# PROVIDED RECORDS:
+++

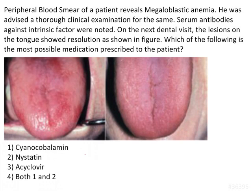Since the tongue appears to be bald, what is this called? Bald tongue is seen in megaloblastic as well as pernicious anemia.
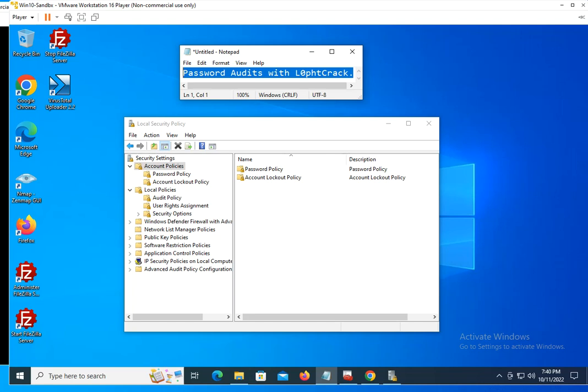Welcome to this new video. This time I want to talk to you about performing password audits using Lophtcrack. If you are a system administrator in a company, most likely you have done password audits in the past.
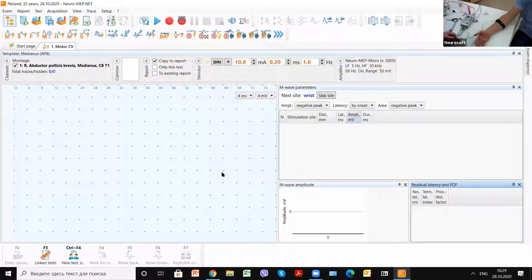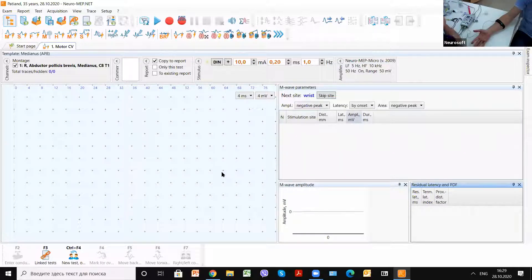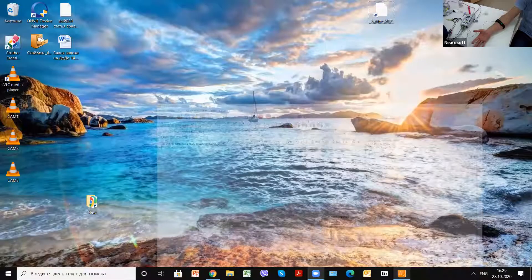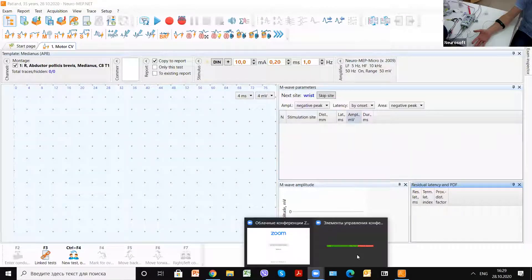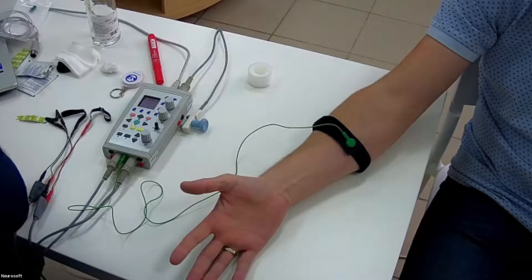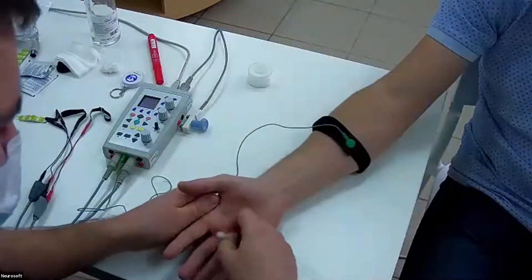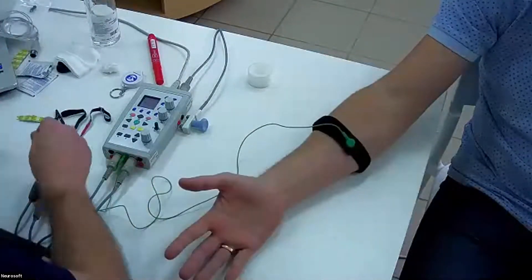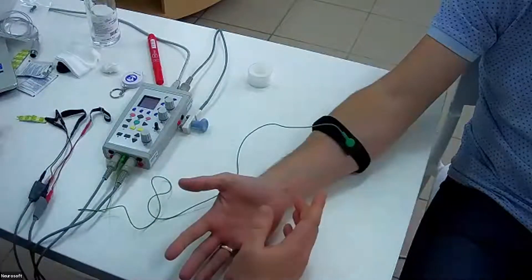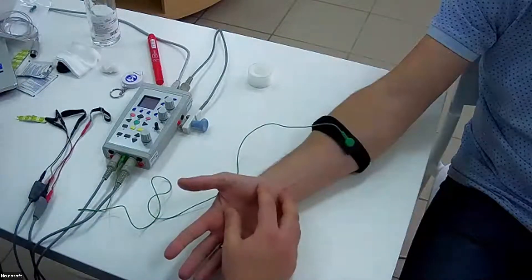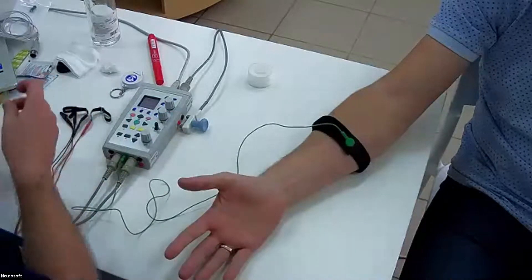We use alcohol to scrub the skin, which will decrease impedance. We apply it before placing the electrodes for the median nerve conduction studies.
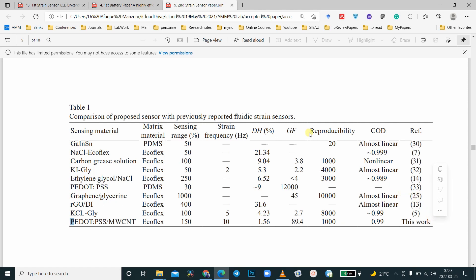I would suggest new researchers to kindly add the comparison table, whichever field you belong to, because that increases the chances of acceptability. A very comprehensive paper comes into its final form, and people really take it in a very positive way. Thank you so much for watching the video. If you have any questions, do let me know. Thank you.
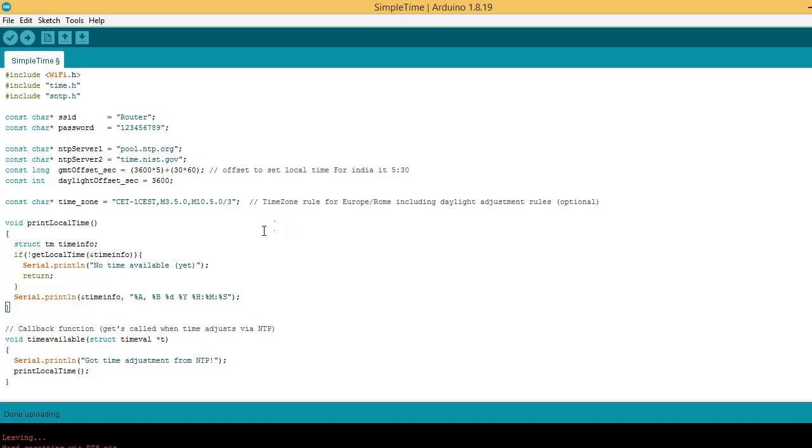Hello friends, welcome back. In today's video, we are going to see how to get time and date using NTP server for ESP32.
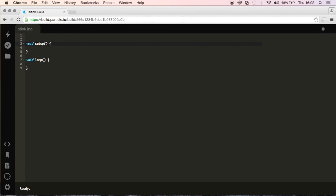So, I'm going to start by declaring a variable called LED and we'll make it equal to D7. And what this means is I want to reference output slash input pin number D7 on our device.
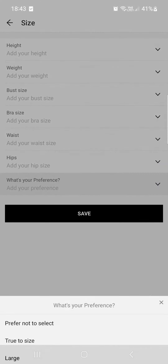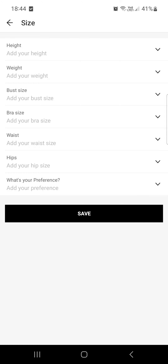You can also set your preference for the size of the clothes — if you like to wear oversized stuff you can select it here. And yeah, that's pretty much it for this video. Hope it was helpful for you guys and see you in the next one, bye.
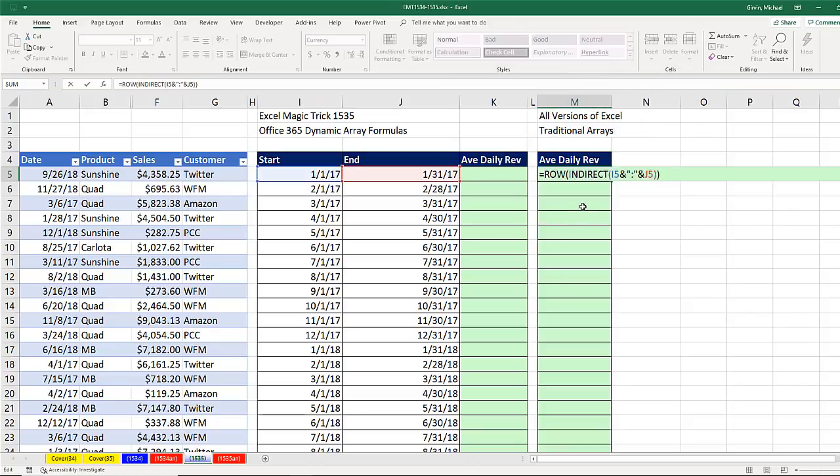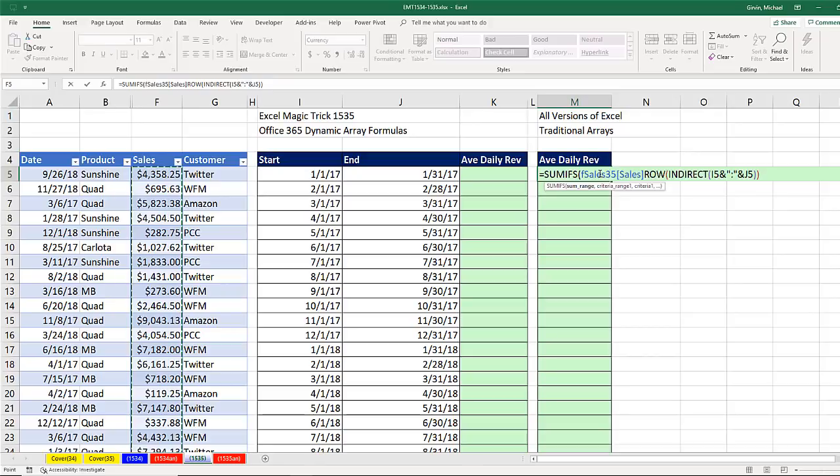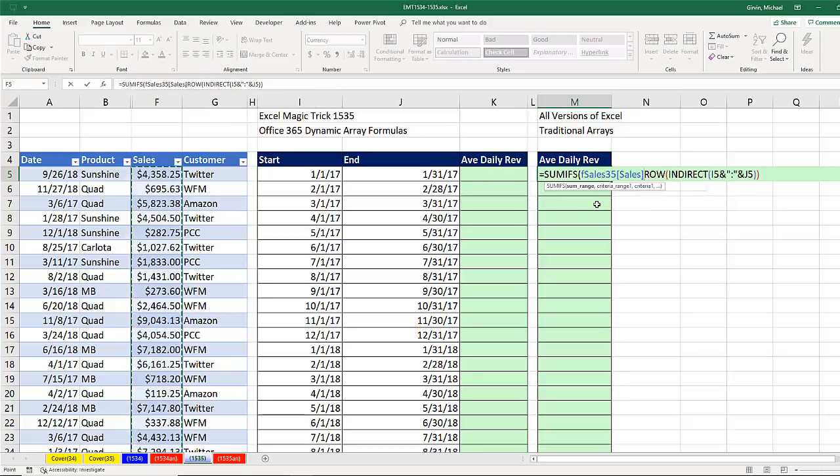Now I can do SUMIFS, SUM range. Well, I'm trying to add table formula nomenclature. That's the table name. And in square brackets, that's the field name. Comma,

+++

Could you return each line, unchanged, from the line containing "So, I'm going" through the last line of the entries above, leaving out the pictures?

So, I'm going to start by declaring a variable called LED and we'll make it equal to D7. And what this means is I want to reference output slash input pin number D7 on our device.
You can also set your preference for the size of the clothes — if you like to wear oversized stuff you can select it here. And yeah, that's pretty much it for this video. Hope it was helpful for you guys and see you in the next one, bye.
Now I can do SUMIFS, SUM range. Well, I'm trying to add table formula nomenclature. That's the table name. And in square brackets, that's the field name. Comma,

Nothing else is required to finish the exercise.